In <GbydnfG1Xq3Nu5HMnZ2dnUVZ_jqdnZ2d@giganews.com>, on 02/01/2013
at 02:32 PM, fom <fomJUNK@nyms.net> said:

>So, for example, there are "gaps" in the system of rational
>numbers. One can, assuming completed infinities, define infinite
>sets of rational numbers corresponding to the elements of a
>Cauchy sequence.

What would be the point? You're introducing extra machinery into what
is a very simple construction.

>When the limit of the sequence is, itself, a rational number,
>that infinite set becomes a representation of that rational number
>in the complete space whose "numbers" are equivalence classes of
>Cauchy sequences sharing the same limit.

No; the set of values taken by the sequence is irrelevant. If a Cauchy
sequence in the rationals converges then the *sequence* is a
representative of its limit.

>When the limit of a Cauchy sequence does not exist as a rational
>number, that Cauchy sequence becomes a representative of the
>equivalence class of Cauchy sequences that cannot be
>differentiated from that representative using the order relation
>between the rational numbers of the underlying set.
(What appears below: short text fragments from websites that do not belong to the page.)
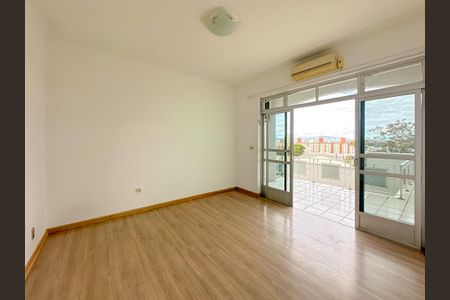 Casa para alugar com 500m², 4 quartos e 4 vagasSuíte 3
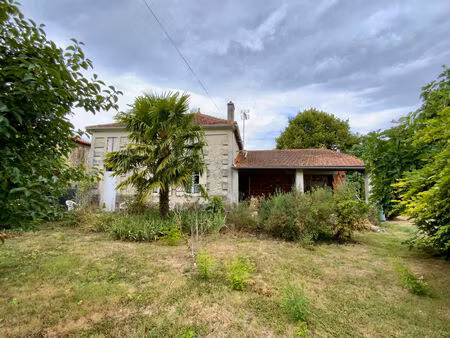 vente maison 3 pièces 80m2 mortiers 17500 - 107000 € - surface privée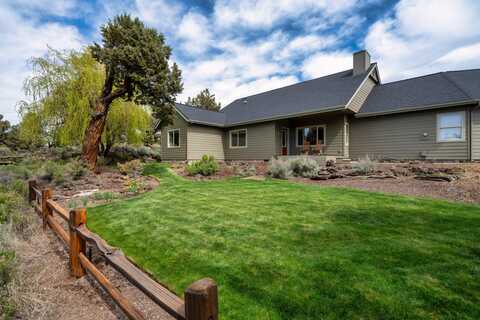 7170 NW River Springs Road, Redmond, OR 97756
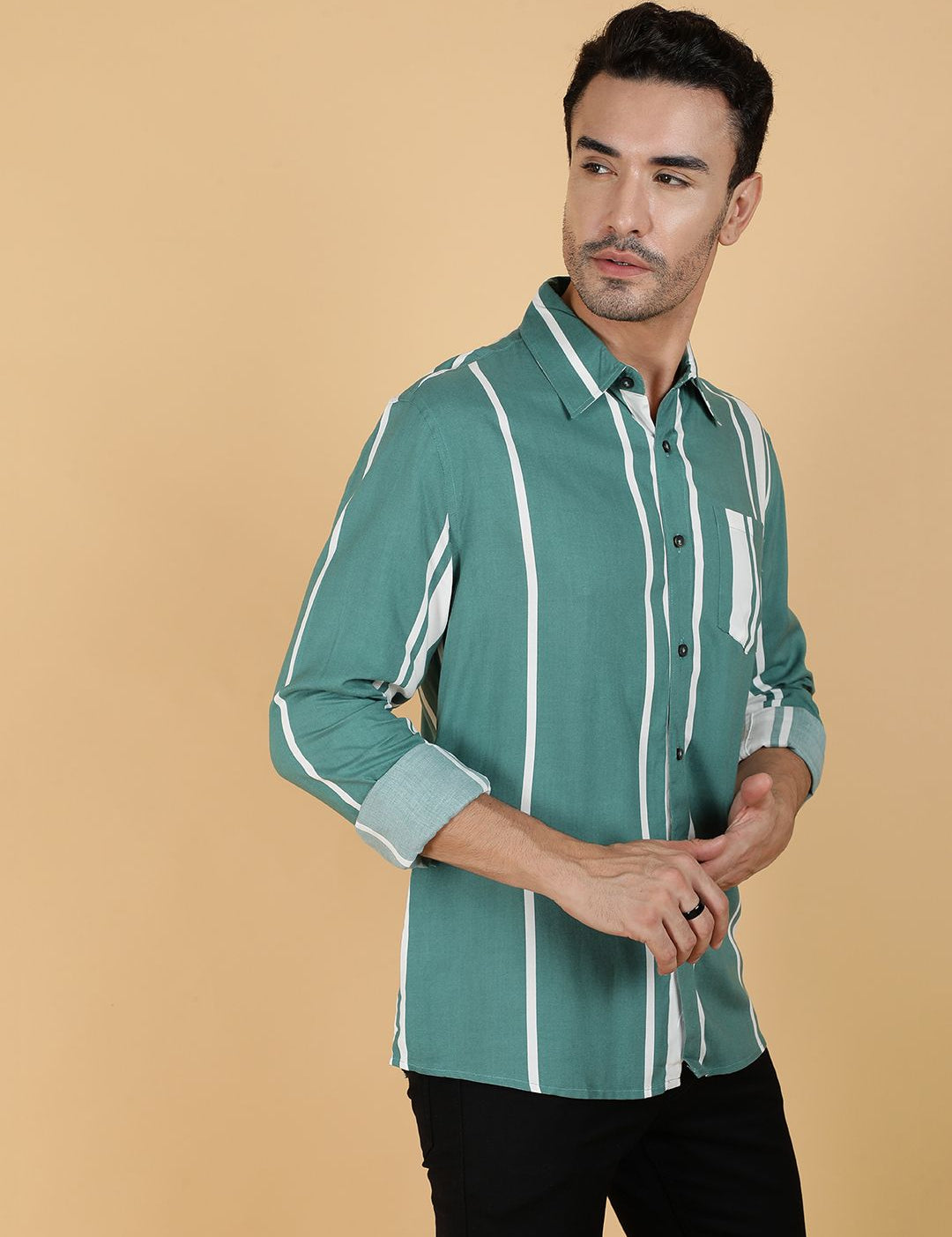 Kotty Men Relaxed Spread Collar Graphic Printed Cotton Casual Shirt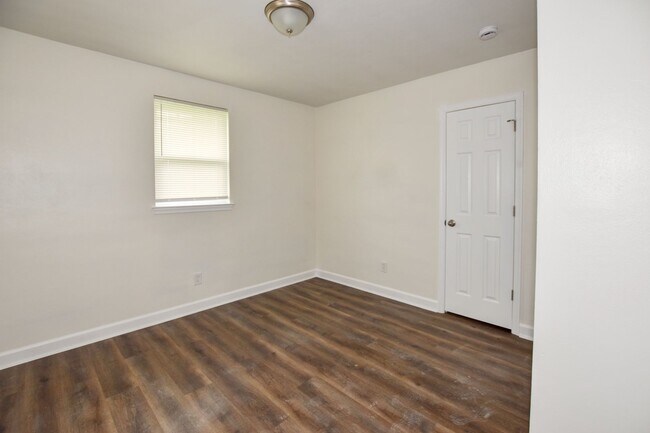 Building Photo - 936-938 Schumann Dr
What are you trying to say? The definition of the equivalence relation
is the same whether the Cauchy sequences converge or not; two
sequences are equivalent if their difference converges to zero. Any
Cauchy sequence is a representative of its equivalence class, by
definition.

>These "numbers" have no corresponding rational number as a limit
>and are, therefore, distinguished as a different logical type in
>the *new*, completed space.

Non sequitor, and false. There is nothing logically special about
equivalence classes of Cauchy sequences that converge.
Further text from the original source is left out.